I am a boy from a quiet suburb in Birmingham, who went to primary school with a beautifully diverse body of pupils at a time when such things were not considered the norm. We all looked different, spoke differently, followed different faiths, went home to unjustifiably different economic realities, but we existed together in relative peace, always playing, often comforting, sometimes hurting, learning in and outside of the classroom, largely immune to the baffling frustrations and occasional aggressions of our parents, guardians and teachers.

I am a student who has benefitted from some of the most glorious guidance that modern life has to offer. My teachers have come from Russia, North and South India, America, Britain, the Netherlands, Armenia, France, Greece, Poland, have given compassionately and generously of their time and wisdom, constantly shaping, reframing, augmenting, alchemising the musical voice that is me. I have disappeared for hours into joyful symbiosis with instruments from Ghana, Japan, India, Australia, Zimbabwe, Egypt, China, whiled away endless moments listening to music from here, there and everywhere, pored over videos of people passionately describing and sharing their own hard-won revelations and learnings. As a conservatoire and university student, I have been surrounded by amazing individuals from the world over, many of whom have changed the course of my life, welcoming me into their personal and creative lives, leading me by the hand through the veil of otherness, into new and unimagined spaces and places.

I am a reader. I have hungrily consumed millions of words covering a span of thousands of years, words which constantly rewrite my own narrative. I have escaped from the grind into other times and distant universes, been a wizard, an orphan, a time-traveller, an anarchist on the moon, an unlucky, disfigured soul, betrayed by society and recast as villain, a torturee-turned-torturer, defying simple binaries such as good and evil. Every time I have felt myself growing confident in my convictions, I have been unceremoniously ripped from my hubris by thoughts flowing jaggedly across the pages of some previously undiscovered volume, once more setting sail into entirely unfamiliar, potentially dangerous waters. I have been a Christian, a Jew, a Buddhist, a Muslim, a Taoist, a Sikh, a Hindu, an Atheist, an Agnostic, a fundamentalist, a feminist, a psychologist, a scientist, a mystic, a mathematician, a freedom fighter. I have wept and I have rejoiced, I have been enraged and I have been reminded that each and every human is Buddha, that far more connects than divides us.

I am a person living in a country founded on principles borrowed from Ancient Greece, themselves built upon ideas first established in Ancient Egypt, a country rich in wisdom from the historic Middle East, a country which has left an inescapable stamp on the global landscape, instrumental in establishing certain fundamental rights and liberties, priding itself on its sense of justice, a country full of contradictions which refuses to acknowledge its significant part in an overwhelming story of suffering, oppression and inequality, a country of Saxons, Romans, Vikings, a country of multiple languages, some new, some old, a country which enslaved and pillaged, but which was fundamentally transformed in the process.

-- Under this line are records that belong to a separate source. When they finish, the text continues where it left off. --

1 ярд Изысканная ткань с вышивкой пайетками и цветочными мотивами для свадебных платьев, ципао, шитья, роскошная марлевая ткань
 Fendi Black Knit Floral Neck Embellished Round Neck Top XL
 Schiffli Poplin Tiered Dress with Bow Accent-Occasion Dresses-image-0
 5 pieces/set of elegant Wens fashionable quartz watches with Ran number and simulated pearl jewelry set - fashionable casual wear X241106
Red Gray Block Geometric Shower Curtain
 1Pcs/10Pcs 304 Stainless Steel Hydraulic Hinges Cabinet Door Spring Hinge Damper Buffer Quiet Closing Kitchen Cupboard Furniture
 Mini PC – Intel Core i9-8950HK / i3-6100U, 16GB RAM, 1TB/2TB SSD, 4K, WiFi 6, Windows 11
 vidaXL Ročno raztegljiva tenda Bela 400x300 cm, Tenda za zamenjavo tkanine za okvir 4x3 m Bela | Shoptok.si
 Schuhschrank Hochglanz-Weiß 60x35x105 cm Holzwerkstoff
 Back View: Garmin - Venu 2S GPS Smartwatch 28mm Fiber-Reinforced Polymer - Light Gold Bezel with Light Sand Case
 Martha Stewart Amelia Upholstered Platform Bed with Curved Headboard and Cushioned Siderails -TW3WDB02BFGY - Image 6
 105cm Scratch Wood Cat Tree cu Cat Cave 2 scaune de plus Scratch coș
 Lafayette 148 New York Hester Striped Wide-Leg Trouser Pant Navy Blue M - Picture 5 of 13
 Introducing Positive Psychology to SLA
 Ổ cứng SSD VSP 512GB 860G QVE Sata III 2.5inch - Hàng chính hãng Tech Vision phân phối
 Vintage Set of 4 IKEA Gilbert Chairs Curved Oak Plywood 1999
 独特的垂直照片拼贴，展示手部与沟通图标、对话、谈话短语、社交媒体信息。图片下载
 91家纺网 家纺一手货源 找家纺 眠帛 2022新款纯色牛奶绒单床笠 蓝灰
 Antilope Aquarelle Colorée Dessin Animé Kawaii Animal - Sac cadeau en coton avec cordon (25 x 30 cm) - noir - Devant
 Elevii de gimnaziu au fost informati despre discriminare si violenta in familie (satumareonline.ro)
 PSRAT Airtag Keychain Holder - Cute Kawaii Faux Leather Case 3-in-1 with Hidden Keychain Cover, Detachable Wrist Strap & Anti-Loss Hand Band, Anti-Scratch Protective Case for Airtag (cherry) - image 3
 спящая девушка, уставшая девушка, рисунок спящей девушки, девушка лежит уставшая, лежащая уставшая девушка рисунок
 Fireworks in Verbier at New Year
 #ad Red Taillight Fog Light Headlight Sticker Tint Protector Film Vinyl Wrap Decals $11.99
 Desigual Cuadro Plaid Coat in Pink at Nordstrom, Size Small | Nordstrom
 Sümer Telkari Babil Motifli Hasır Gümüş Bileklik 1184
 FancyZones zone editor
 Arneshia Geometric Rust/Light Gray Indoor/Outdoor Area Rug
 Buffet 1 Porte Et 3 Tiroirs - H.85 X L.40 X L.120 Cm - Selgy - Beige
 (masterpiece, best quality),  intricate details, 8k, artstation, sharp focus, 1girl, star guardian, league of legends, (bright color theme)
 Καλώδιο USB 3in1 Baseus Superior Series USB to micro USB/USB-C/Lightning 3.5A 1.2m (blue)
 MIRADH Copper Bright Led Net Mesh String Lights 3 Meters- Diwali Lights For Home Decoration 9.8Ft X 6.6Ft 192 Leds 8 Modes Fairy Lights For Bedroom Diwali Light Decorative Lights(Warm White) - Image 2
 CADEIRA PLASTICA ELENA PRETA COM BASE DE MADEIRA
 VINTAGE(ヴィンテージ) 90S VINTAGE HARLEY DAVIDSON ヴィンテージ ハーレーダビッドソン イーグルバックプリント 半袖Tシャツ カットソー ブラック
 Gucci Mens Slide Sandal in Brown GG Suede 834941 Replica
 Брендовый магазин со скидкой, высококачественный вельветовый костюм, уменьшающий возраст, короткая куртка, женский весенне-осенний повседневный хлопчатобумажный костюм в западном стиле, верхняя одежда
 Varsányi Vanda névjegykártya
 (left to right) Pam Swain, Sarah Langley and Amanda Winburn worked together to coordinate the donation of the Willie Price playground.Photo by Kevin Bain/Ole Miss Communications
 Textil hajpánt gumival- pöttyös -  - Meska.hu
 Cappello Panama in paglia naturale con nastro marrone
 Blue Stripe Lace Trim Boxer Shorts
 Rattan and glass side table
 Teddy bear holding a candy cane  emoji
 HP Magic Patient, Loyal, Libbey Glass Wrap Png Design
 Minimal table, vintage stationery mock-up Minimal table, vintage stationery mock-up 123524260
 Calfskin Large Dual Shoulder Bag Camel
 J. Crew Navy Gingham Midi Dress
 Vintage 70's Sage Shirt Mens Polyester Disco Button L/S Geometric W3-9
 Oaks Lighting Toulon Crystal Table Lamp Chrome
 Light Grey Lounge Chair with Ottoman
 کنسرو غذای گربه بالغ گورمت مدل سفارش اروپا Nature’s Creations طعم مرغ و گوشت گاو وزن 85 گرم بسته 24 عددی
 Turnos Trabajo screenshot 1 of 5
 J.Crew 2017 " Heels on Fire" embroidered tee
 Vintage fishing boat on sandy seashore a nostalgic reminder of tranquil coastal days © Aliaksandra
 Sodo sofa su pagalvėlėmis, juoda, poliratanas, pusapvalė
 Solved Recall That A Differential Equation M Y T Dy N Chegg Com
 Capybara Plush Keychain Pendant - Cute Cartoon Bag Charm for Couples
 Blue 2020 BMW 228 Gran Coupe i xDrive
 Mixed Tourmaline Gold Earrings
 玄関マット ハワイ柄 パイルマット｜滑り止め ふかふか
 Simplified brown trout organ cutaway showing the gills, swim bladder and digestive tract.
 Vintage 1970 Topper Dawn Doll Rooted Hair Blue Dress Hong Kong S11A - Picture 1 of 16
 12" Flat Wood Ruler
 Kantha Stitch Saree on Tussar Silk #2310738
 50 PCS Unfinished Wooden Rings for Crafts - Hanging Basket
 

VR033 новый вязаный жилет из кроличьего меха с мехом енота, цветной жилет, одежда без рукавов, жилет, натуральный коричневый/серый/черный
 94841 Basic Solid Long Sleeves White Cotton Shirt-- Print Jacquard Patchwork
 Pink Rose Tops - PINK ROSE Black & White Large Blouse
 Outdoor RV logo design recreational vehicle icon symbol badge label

A country of kings and queens, of trade-union political movements, presided over by one of the oldest political parties in the world, a country in which aristocracy never really went away, just went into hiding, a country of public schools and old-boys networks and illegal fox-hunts hosted by prominent (and cartoonish) politicians. A country defended by the Gurkhas and Indians and Jamaicans and Trinidadians and Hondurans and Nigerians and Ghanaians and Kenyans and Ugandans and Malawians. A country that sits in the lap of luxury, that enjoys the fruits of outsourced labours, watching from a distance as others suffer unbearable tragedy at the hands of war, famine, climatic disaster, tyranny, drought, rampant neoliberalism, a country whose citizens are capable of extraordinary waves of heartfelt charity and collectivism, a country often implicated in those very humanitarian crises about which it professes to care deeply.

Plurality is our reality. We are the totality of our experiences, and those experiences are legion and infinite. We are consistently enriched and enlivened by our interactions and relationships, however small or seemingly insignificant. Change is the only truth; to fight against it is pure folly, like trying to hold back the ocean with an umbrella. Britain is a complicated and conflicted place with a muddled history in which ideas of purity, ownership and nationalism are misguided and ultimately groundless. In closing our borders, we cut ourselves off from the rich and varied international community which has been instrumental in establishing the gorgeous tapestry of our modern-day state. To lock ourselves away is to begin the process of unlearning, of regression, of unravelling. It is to foster division and discord and disharmony. The visceral sense of ‘us’ and ‘them’ starts with borders but does not stop there, leading ultimately to total isolation, hence absolute meaninglessness, and finally destruction.

We must not allow ourselves to be twisted and warped by a vile, cynical and self-serving political class of profiteers, criminals and charlatans. The warning signs grow by the day. Comparisons with horrifying historical periods are alarmingly clear. A country which vilifies people who have made perilous journeys, who have lost everything, who have fled murder, torture, rape, imprisonment, a country which sheds not a tear as men, women and children drown in desperate flight, knowingly presenting inflammatory, inhumane and feeble solutions, feeding on media-fuelled racism, bigotry and xenophobia, is a country in which every single sane and compassionate voice needs to shout to the rooftops, to demand constructive dialogue, international collaboration, and heartfelt tolerance. Humanity’s salvation lies not in separation and individualism, but cooperation and togetherness, unity, solidarity, connection. We are only as good as each other, and therefore our responsibility is always collective. Let us recognise plurality as the ground of being and hand-in-hand build towards a global society in which people are not forced to risk everything simply to access their basic human freedoms. Stop the slogans, not the boats.